Photoisomerization is a process in chemistry and biochemistry where the isomers of a molecule in a chemical compound are transformed through the absorption of light. This process is a key mechanism in the vision process of many organisms and has significant applications in the field of optoelectronics.

Overview[edit | edit source]

Photoisomerization involves the rearrangement of a molecule's atoms caused by the absorption of light, resulting in a change in the molecule's geometry. This process can occur in various types of molecules, including organic compounds and inorganic compounds. The two main types of photoisomerization are cis-trans and conformational photoisomerization.

Cis-trans Photoisomerization[edit | edit source]

Cis-trans photoisomerization involves the rotation around a double bond in a molecule. The cis isomer has atoms on the same side of the double bond, while the trans isomer has atoms on opposite sides. When light is absorbed, the molecule can switch from one form to the other. This process is crucial in the vision process of many organisms, as it occurs in the retinal molecule found in the eye.

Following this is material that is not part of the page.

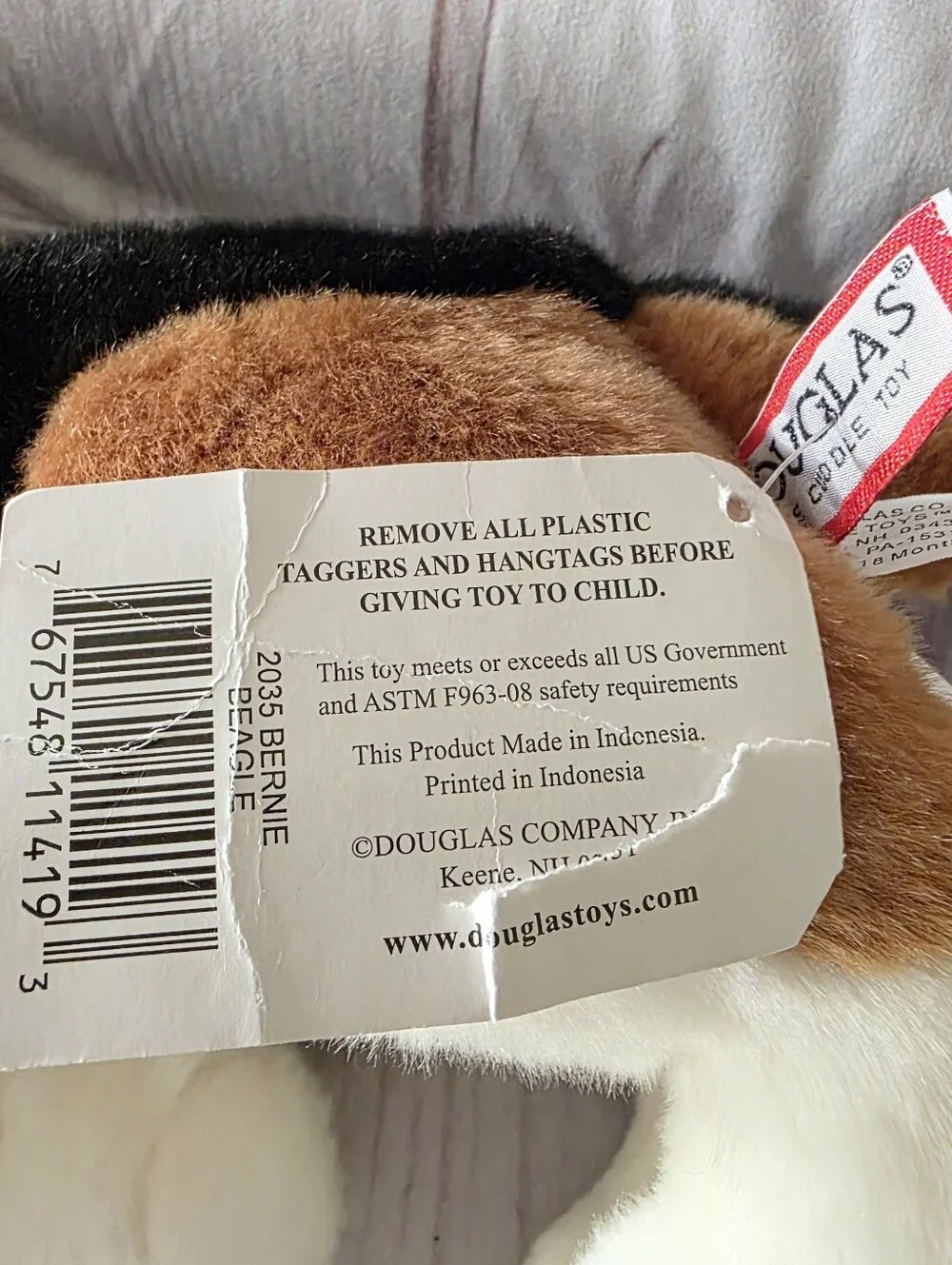 Douglas bernie beagle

Conformational Photoisomerization[edit | edit source]

Conformational photoisomerization involves the rotation around a single bond in a molecule. This process can result in a variety of different shapes for the molecule, each with different chemical properties. Conformational photoisomerization is a key process in many biological systems, including the protein folding process.

Applications[edit | edit source]

Photoisomerization has significant applications in the field of optoelectronics, particularly in the development of molecular switches and data storage devices. The ability to control the shape of a molecule using light allows for the creation of devices with unique properties.